The above figure shows the configuration of the YardSite. The important properties are
- ID: This is the {siteId} used to map this ManagedSite to the RESTful API of the Stanbol Entityhub. Make sure that the ID is unique over all configured Sites.
- Yard ID: Here you need to put the ID of the Yard configured in the previous step. If no Yard with that ID is active the ManagedSite will not be initialized and therefore be not available on the RESTful API
The Entity Prefix(es) are an optional configuration. This is used by the SiteManager (the "/entityhub/sites" endpoint) if requested entities can be dereferenced via a registered site. If not present the SiteManager will try to dereference every request by using this ManagedSite. So correctly configuring this may slightly improve performance by avoiding unnecessary requests.

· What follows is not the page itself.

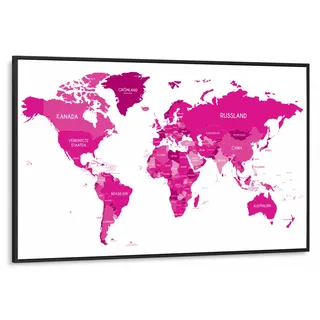 Weltkarte in pink und rosa im Din A1 Format - Atlas als Poster für Teenager Mädchen Deko - 59,4x84cm XXL Wanddeko Kinderzimmer und Wohnzimmer | Ohne Rahmen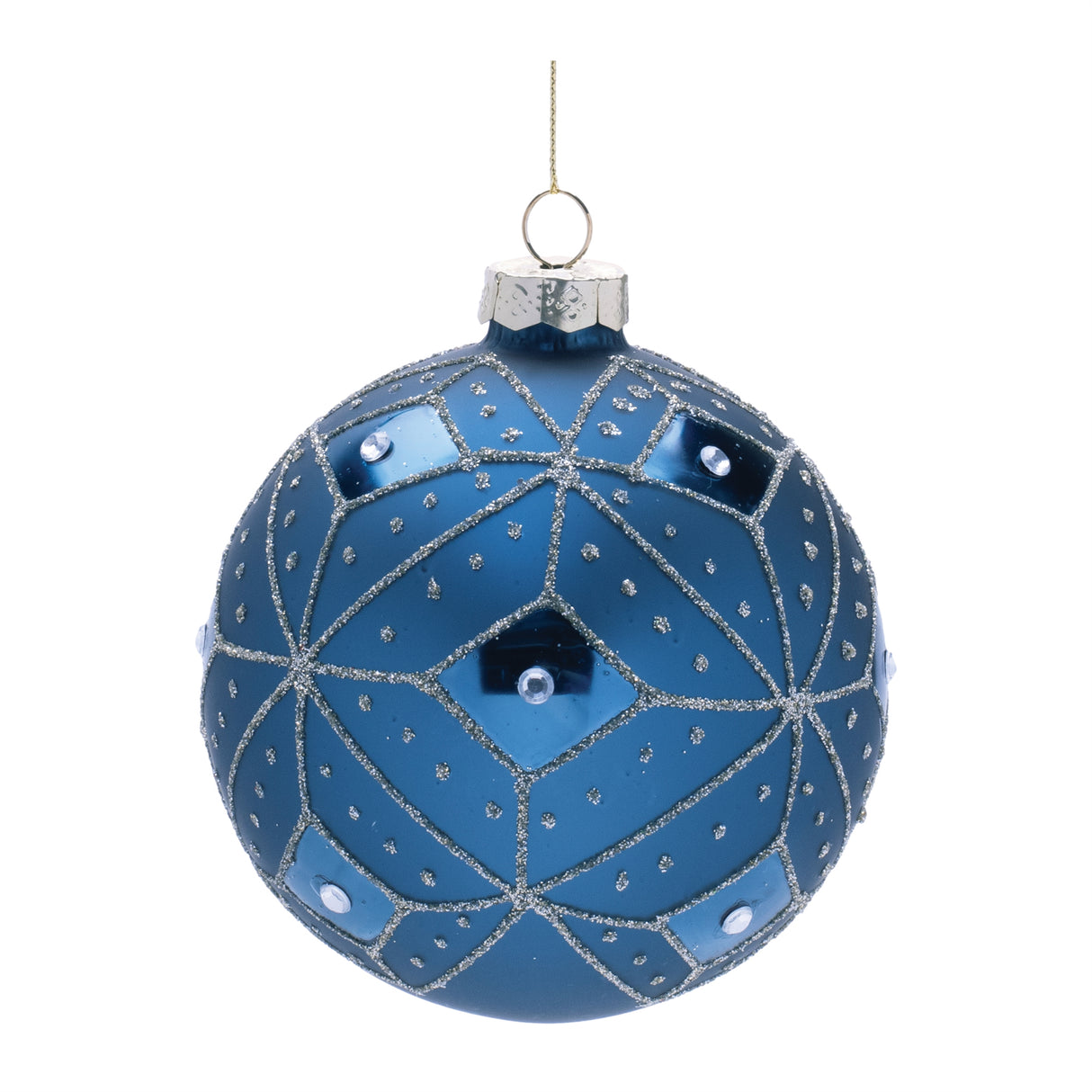 Geometric glittered glass ball ornament (set of 6)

The Field Mappings can be used to copy property values of created/updates Entities to other properties. The mappings used in the above figure ensure that SKOS preferred/alternate labels, FOAF (Friend of a Friend) names, Dublin Core titles as well as the name property of the schema.org ontology are copied over to rdfs:label. This configuration is the default as the Stanbol Enhancer uses rdfs:label
as default property for linking entities based on their names.
After completing all those steps you should see a new empty ManagedSite under
http://{stanbol-instance}/entityhub/site/iptc